Ron Pressler ron.pressler at oracle.com
Sun Mar 17 20:13:03 UTC 2024



> On 17 Mar 2024, at 17:39, Justin Spindler <justin.spindler at gmail.com> wrote:
> 
> 
> > You can get the effect you want by using Suppler objects as embedded expressions.
> 
> Sure, but that increases the amount of code that the developer needs to write pretty substantially, especially since there are no natural types for lambdas so the developer would have to assign that to a typed variable ahead of time or cast explicitly to a Supplier in the embedded expression.
> FOO."This is a test: \{(Supplier<Integer>) () -> calc(x, y, z)}"

This isn’t how logging libraries should do it. A better approach from a code perspective could be:

    public static <T> Supplier<T> defer(Supplier<T> s) { return s; }

which would be used like so:

    logger.log(RAW.”… \{defer(() -> foo(x))} …”);

But this may be an attempt (and possibly a failed one) at premature optimisation. AFAIK, C# doesn’t offer deferred evaluation, either, just deferred formatting of the message — just like raw string templates.
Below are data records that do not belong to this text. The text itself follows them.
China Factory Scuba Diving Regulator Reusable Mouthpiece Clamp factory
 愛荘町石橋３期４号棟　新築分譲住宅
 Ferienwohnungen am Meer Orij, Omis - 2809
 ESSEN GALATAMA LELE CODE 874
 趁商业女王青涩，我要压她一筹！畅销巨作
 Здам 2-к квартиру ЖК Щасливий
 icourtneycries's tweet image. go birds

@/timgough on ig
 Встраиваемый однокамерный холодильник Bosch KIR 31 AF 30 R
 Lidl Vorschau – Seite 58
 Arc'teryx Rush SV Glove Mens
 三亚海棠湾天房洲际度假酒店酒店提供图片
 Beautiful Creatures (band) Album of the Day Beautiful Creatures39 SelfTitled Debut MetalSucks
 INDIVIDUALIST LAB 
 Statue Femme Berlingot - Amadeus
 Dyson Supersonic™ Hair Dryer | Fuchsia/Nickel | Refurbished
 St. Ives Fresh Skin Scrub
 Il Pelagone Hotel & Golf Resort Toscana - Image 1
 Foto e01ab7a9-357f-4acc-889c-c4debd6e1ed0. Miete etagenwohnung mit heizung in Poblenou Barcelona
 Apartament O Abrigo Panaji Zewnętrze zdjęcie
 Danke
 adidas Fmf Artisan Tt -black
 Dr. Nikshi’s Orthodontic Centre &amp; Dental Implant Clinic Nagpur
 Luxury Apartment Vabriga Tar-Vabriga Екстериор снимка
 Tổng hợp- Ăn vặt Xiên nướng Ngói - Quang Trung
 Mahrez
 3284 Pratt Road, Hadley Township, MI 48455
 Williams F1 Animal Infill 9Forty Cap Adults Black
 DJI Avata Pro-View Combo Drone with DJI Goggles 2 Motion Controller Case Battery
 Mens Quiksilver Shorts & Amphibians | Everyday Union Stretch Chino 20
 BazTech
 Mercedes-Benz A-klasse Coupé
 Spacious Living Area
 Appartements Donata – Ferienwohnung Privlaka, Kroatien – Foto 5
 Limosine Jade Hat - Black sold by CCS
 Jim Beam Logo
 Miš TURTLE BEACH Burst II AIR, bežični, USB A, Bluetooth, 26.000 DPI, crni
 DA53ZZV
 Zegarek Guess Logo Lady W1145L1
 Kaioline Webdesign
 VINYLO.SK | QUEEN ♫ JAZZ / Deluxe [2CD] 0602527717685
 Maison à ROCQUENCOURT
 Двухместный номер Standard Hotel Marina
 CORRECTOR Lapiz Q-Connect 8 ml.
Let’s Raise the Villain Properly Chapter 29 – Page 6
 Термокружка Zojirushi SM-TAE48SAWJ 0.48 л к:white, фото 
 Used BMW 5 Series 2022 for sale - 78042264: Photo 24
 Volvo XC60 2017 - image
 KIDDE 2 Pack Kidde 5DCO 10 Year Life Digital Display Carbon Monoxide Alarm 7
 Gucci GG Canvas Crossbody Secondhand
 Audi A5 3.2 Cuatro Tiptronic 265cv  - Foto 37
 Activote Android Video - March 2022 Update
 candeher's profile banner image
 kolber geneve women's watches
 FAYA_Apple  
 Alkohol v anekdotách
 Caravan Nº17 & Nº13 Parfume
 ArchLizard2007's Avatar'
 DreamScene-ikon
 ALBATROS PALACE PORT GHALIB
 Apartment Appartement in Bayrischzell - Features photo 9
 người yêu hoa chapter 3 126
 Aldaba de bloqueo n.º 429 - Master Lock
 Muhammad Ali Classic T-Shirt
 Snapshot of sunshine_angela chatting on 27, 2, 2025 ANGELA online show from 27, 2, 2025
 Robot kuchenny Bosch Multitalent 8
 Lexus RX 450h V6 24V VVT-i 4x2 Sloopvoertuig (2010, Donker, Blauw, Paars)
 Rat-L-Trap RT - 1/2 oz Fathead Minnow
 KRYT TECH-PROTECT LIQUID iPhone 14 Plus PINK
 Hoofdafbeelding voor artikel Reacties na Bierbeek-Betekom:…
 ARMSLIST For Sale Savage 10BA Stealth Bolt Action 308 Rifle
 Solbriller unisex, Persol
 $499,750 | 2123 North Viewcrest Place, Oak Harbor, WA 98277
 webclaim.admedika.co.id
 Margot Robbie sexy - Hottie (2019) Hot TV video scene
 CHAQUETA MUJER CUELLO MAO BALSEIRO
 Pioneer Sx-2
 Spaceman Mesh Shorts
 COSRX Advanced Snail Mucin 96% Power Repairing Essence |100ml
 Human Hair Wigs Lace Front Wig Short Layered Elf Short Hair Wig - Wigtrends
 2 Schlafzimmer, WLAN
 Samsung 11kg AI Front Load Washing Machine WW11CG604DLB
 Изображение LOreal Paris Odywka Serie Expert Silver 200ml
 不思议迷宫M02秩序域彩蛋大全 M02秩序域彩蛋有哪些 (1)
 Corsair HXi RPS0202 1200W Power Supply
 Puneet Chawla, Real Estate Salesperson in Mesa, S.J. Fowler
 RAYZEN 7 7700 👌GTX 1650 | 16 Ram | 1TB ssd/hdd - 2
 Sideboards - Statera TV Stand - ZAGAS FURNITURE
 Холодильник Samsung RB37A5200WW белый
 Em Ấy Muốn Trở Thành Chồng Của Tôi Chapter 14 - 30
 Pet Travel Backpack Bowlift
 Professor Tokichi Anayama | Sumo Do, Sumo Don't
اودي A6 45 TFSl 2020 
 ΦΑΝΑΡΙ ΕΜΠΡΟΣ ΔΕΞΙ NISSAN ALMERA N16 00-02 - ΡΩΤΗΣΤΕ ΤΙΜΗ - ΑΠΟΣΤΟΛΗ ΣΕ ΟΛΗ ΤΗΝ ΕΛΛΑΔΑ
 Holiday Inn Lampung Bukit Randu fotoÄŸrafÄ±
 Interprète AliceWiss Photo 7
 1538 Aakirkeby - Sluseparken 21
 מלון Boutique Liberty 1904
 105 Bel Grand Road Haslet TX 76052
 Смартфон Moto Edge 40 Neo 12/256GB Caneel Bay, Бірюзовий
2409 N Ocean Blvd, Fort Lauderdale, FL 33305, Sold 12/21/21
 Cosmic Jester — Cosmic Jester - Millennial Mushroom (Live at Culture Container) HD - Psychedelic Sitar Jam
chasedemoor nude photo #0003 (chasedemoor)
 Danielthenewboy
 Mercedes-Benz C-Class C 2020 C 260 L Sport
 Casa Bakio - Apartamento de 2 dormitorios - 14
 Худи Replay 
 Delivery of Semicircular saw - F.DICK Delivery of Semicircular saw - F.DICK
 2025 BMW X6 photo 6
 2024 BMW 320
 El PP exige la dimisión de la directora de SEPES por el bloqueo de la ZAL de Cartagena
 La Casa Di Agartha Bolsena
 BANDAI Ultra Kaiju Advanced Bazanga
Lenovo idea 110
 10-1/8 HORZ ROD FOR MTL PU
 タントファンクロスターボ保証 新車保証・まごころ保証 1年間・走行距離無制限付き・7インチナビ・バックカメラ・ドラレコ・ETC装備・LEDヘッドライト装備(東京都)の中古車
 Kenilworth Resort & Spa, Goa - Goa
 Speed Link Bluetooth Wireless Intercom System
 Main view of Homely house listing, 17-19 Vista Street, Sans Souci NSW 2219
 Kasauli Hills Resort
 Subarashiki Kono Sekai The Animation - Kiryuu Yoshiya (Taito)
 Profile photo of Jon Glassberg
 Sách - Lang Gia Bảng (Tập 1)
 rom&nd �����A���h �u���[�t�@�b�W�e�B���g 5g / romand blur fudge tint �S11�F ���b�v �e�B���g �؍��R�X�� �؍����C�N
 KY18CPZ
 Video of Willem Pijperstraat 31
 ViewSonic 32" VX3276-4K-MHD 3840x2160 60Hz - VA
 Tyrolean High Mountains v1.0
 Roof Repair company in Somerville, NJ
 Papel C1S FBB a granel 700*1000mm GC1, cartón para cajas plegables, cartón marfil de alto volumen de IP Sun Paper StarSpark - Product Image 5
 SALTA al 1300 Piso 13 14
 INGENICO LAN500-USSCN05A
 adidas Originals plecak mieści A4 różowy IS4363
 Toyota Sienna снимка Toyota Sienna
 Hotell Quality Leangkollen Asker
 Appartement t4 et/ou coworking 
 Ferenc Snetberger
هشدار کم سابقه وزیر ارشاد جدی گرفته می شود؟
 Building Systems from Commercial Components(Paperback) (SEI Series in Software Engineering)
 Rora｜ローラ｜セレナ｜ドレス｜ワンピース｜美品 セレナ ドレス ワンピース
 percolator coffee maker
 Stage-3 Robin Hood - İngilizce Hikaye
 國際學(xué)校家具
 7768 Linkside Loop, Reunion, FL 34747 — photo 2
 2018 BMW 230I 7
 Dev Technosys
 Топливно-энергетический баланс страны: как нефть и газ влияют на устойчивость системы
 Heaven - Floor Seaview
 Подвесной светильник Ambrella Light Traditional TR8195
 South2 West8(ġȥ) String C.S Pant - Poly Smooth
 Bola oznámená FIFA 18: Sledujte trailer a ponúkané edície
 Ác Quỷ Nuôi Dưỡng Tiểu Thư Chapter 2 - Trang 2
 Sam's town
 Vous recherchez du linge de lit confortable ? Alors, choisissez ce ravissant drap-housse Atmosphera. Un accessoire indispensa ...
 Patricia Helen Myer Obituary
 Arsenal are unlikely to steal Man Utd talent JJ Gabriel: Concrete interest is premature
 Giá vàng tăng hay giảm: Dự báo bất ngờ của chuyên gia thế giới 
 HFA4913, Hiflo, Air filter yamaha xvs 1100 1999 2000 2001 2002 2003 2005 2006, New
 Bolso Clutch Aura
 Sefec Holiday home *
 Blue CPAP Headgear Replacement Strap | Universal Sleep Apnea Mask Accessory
Finally, note that any kind of deferred evaluation requires some form of capture (and so possibly allocation in cases where the JIT doesn’t optimise it away). If you log inside a loop with `x` being the loop counter and used in a template argument, then `x` has to be captured for the log message to be correct. Furthermore, the cost of allocation with the JDK’s state-of-the-art collectors isn’t what it used be in the past.

As always, platform optimisations must be guided by actual profiles of actual applications; a 1000x optimisation cannot improve application performance by more than 1% if the optimised operation is 1% of the profile to begin with. We strive to optimise what actually needs to be optimised, not what we speculate could benefit from optimisation in artificial scenarios. The need for something like `defer` is dependent on such evaluations being empirically found to be a common bottleneck in real-world applications. Maybe the need for more code is a problem that requires addressing, and maybe it’s not a problem at all. That we could imagine it to be a problem in hypothetical applications is not sufficient to justify optimising it.